Date: 05 August 2021
Publication: PLOS ONE
Authors: Inkol JM, Hocker SE, Mutsaers AJ
Using: In-vitro lab study on canine cancer cells
Full study: https://www.ncbi.nlm.nih.gov/pmc/articles/PMC8341525/

Introduction

Bladder cancer is a deadly disease in dogs. With chemotherapy often proving unsuccessful, most dogs diagnosed with bladder cancer will die within a year.

Studies on humans with other types of cancer have suggested that CBD “induced apoptosis, reduced cell migration, and acted as a chemotherapy sensitizer in various human tumor types.”

So, researchers wanted to know – does CBD have any positive effect on bladder cancer in dogs? To find out, they exposed canine urothelial carcinoma cells to CBD in a lab test.

This was an in-vitro study, so there’s no guarantee that its results can be replicated in real life. However, the researchers found that “cannabidiol reduced cell viability and induced apoptosis in canine urothelial cells,” and significantly improved the effects of “mitoxantrone and vinblastine chemotherapy.”

Apoptosis is the medical term for programmed cell death. It’s the body’s mechanism for triggering abnormal cells to destroy themselves, which is blocked by cancerous cells.

Cell viability is a medical term for the health of cells.

Method

This study focused on “canine urothelial carcinoma (UC), also known as transitional cell carcinoma,” which is the most common type of bladder cancer in dogs.

In dogs, bladder cancer is often lethal, as it’s hard to detect and treat.
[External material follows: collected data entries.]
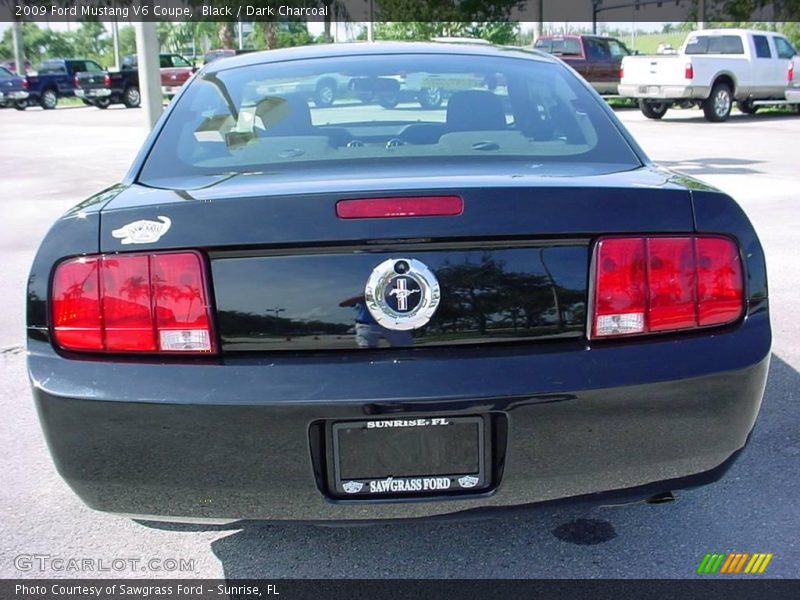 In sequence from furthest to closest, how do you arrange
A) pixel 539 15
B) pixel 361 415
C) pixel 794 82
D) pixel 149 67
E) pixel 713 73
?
pixel 539 15, pixel 794 82, pixel 713 73, pixel 149 67, pixel 361 415

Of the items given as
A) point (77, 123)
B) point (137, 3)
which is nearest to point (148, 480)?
point (137, 3)

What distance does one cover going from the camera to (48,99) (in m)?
33.9

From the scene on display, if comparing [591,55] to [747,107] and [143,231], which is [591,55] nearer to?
[747,107]

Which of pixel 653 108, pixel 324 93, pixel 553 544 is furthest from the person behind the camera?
pixel 653 108

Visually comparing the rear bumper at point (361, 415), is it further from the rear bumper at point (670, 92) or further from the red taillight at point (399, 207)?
the rear bumper at point (670, 92)

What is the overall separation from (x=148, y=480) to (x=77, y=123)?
24.8m

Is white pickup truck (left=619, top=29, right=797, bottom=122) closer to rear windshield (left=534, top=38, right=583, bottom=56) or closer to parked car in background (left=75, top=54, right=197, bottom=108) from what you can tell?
rear windshield (left=534, top=38, right=583, bottom=56)

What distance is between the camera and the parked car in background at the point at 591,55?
972 inches

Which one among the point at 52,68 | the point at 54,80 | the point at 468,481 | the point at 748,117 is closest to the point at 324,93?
the point at 468,481

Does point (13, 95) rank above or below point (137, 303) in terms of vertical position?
above

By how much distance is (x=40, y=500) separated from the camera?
3.18 metres

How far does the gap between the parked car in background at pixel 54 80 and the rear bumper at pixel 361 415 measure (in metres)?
34.2

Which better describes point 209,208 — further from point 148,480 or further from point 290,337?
point 148,480

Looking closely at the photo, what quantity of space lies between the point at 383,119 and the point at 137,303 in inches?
63.0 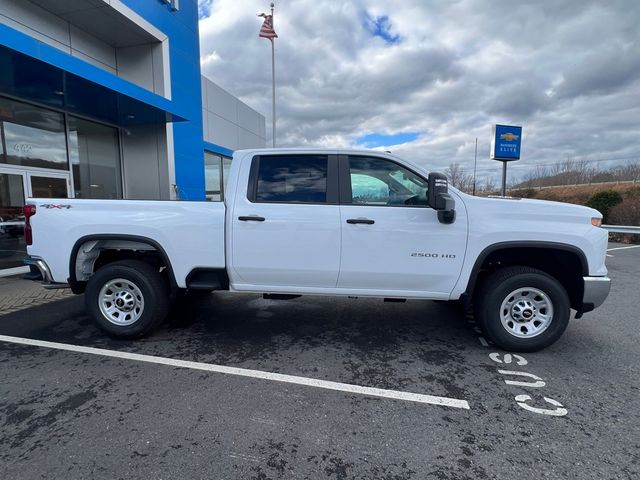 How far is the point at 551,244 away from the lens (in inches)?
148

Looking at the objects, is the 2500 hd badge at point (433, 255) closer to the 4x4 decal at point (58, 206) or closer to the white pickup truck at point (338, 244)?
the white pickup truck at point (338, 244)

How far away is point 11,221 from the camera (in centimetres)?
872

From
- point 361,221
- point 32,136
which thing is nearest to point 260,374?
point 361,221

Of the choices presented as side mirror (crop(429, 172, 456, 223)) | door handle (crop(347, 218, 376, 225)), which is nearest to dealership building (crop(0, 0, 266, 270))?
door handle (crop(347, 218, 376, 225))

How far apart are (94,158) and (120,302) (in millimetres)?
9232

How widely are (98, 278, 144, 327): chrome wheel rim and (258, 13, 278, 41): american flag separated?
718 inches

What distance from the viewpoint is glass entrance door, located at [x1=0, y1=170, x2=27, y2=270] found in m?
8.47

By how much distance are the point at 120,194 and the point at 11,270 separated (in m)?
4.82

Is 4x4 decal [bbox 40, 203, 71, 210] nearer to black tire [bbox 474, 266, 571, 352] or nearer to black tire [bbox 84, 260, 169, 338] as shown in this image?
black tire [bbox 84, 260, 169, 338]

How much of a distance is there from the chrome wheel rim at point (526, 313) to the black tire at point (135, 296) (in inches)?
147

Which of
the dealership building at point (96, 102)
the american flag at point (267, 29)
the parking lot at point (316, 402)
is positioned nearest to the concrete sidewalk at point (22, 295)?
the parking lot at point (316, 402)

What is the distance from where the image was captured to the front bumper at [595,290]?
377 cm

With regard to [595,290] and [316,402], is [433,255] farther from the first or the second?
[316,402]

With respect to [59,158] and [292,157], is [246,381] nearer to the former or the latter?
[292,157]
With surgery rarely an option, dogs with bladder cancer are given chemotherapy and other drugs, but the treatment has a poor track record, with variable effectiveness, “ranging from 0–58%.”
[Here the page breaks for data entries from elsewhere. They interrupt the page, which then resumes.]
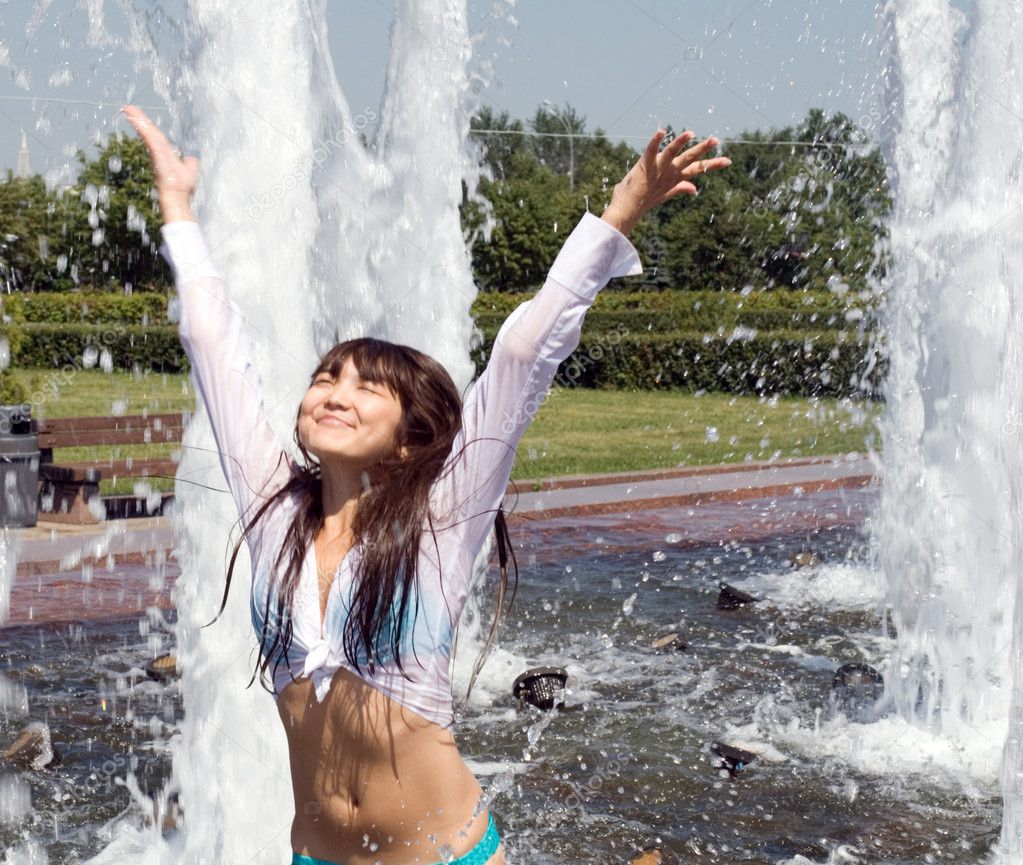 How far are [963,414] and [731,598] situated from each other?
169cm

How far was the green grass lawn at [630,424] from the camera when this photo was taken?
13.6 meters

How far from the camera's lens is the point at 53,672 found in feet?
20.0

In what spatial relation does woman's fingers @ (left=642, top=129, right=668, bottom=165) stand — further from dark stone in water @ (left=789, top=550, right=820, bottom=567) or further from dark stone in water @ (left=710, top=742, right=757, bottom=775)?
dark stone in water @ (left=789, top=550, right=820, bottom=567)

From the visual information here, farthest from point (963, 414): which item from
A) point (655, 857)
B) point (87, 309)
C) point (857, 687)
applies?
point (87, 309)

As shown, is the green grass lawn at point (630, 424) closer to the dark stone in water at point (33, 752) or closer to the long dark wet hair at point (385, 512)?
the dark stone in water at point (33, 752)

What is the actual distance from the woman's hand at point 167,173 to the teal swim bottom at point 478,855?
1090mm

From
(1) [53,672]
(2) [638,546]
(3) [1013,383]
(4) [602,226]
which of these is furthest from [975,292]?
(4) [602,226]

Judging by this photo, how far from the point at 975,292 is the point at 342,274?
11.9 ft

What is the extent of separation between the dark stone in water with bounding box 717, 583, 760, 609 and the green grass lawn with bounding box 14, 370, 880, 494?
14.8ft

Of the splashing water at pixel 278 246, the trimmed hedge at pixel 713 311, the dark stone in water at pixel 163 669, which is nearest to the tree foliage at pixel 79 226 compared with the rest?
the trimmed hedge at pixel 713 311

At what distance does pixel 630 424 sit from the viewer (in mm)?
17516

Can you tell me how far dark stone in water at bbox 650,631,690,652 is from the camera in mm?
6574

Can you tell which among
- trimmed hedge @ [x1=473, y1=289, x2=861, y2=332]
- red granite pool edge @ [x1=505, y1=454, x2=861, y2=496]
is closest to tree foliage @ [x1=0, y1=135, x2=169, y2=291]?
trimmed hedge @ [x1=473, y1=289, x2=861, y2=332]

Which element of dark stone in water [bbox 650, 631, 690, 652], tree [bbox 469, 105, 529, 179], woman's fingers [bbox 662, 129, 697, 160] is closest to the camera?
woman's fingers [bbox 662, 129, 697, 160] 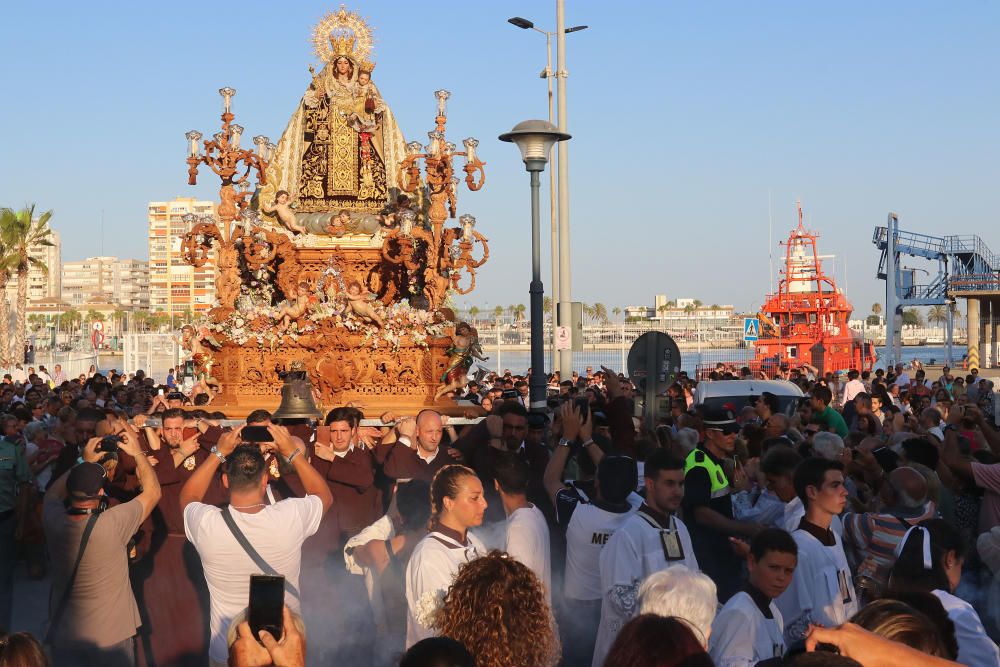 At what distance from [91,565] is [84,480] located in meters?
0.49

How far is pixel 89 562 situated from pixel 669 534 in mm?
3014

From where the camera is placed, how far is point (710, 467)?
845 cm

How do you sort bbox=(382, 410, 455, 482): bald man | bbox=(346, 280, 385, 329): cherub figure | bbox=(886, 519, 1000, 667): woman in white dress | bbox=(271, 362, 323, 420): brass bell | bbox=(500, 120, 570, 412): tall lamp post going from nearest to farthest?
bbox=(886, 519, 1000, 667): woman in white dress < bbox=(382, 410, 455, 482): bald man < bbox=(271, 362, 323, 420): brass bell < bbox=(500, 120, 570, 412): tall lamp post < bbox=(346, 280, 385, 329): cherub figure

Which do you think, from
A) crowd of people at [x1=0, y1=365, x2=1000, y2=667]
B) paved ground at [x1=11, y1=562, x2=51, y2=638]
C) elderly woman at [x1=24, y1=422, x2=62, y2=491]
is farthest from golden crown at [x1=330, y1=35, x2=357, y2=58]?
crowd of people at [x1=0, y1=365, x2=1000, y2=667]

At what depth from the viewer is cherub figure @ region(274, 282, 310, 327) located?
1886 cm

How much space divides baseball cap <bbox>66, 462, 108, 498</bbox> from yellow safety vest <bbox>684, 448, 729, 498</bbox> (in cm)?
362

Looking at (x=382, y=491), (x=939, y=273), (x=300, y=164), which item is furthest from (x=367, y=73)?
(x=939, y=273)

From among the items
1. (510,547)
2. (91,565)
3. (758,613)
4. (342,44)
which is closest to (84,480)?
(91,565)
Even when chemotherapy is effective for dogs, they are only predicted to live a median average of “242 days from the start of drug treatment.”

So, with bladder cancer being so common, deadly, and hard to treat, researchers chose this disease to test out CBD’s reported anti-cancer effects on dogs.
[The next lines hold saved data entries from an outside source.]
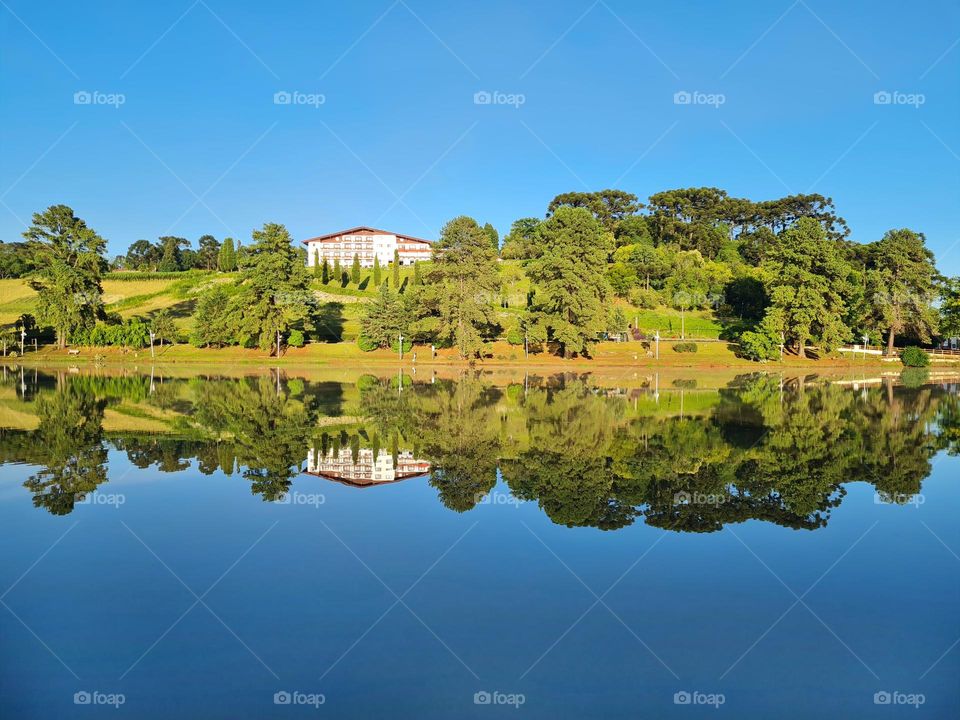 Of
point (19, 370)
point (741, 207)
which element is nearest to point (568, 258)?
point (19, 370)

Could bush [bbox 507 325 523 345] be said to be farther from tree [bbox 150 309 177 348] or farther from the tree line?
tree [bbox 150 309 177 348]

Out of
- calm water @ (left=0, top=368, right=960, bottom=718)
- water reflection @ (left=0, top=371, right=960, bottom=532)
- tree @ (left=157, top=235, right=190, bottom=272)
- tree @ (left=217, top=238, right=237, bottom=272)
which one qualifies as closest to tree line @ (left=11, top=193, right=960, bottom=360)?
water reflection @ (left=0, top=371, right=960, bottom=532)

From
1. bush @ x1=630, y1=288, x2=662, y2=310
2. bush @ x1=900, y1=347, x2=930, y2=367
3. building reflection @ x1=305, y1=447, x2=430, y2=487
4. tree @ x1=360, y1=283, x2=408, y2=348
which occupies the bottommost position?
building reflection @ x1=305, y1=447, x2=430, y2=487

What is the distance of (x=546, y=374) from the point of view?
180 feet

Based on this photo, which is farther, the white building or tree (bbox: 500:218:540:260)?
the white building

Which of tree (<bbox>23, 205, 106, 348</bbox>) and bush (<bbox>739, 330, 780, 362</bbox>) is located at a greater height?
tree (<bbox>23, 205, 106, 348</bbox>)

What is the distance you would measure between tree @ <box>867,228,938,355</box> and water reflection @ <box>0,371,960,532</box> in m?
36.3

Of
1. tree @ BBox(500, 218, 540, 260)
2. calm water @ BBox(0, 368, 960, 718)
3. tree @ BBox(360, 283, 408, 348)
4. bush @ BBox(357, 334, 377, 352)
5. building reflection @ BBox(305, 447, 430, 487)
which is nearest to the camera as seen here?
calm water @ BBox(0, 368, 960, 718)

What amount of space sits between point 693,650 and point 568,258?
6003 centimetres

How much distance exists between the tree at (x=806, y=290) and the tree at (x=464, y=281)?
25670 mm

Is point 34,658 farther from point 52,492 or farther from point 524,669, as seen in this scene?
point 52,492

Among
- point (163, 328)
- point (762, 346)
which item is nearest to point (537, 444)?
point (762, 346)

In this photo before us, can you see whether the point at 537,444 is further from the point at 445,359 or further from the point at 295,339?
the point at 295,339

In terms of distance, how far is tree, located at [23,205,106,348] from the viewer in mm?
69750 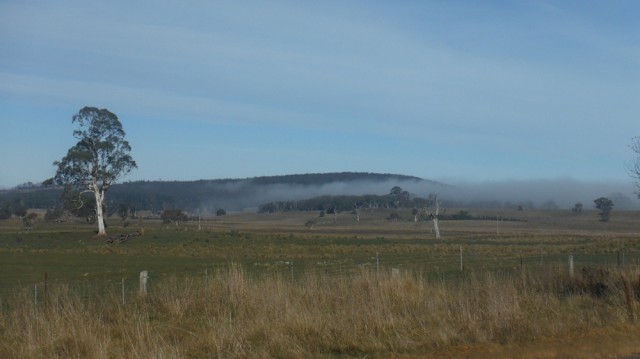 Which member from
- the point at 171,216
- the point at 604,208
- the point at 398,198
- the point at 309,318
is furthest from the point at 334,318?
the point at 398,198

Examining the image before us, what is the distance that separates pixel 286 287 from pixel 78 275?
52.7ft

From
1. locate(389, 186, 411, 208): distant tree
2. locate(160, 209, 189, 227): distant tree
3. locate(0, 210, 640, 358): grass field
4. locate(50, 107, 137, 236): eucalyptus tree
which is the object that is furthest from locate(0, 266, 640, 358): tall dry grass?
locate(389, 186, 411, 208): distant tree

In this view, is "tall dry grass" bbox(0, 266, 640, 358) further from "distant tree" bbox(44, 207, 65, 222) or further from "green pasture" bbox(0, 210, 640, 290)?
"distant tree" bbox(44, 207, 65, 222)

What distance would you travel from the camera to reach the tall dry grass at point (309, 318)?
12328 millimetres

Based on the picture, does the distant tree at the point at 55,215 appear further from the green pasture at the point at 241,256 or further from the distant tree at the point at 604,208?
the distant tree at the point at 604,208

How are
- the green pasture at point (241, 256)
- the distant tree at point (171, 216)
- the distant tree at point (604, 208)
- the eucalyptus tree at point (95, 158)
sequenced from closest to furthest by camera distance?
the green pasture at point (241, 256)
the eucalyptus tree at point (95, 158)
the distant tree at point (171, 216)
the distant tree at point (604, 208)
“In human oncology studies, CBD has been shown to induce tumor cell apoptosis” – that’s the end-of-life mechanism of cells, which is initiated by the body when it detects an abnormal cell. In tumors, apoptosis is blocked.

The study tested the effects combined with the common anti-cancer drugs Vinblastine, Carboplatin, Piroxicam, and Mitoxantrone.

CBD used

The CBD applied to canine cancer cells in this study was made by MediPharm Labs. The study doesn’t mention if the CBD was a full-spectrum extract. See our recommended CBD oils for dogs with cancer here for more product-specific information.

Results

The researchers conclude that, when applied to dog cancer cells in the lab, CBD can help treat cancer.

“CBD treatment reduced viability and induced cell death in canine urothelial carcinoma cells in vitro.”

CBD for dogs also seems to work well in combination with the chemotherapy drugs mitoxantrone and vinblastine. The researchers noted that CBD enhances chemotherapy “in a synergistic manner.”

These are exciting results! But it’s important to remember that there’s no guarantee researchers will see the same results when they test out CBD’s anti-cancer powers in real-life dogs.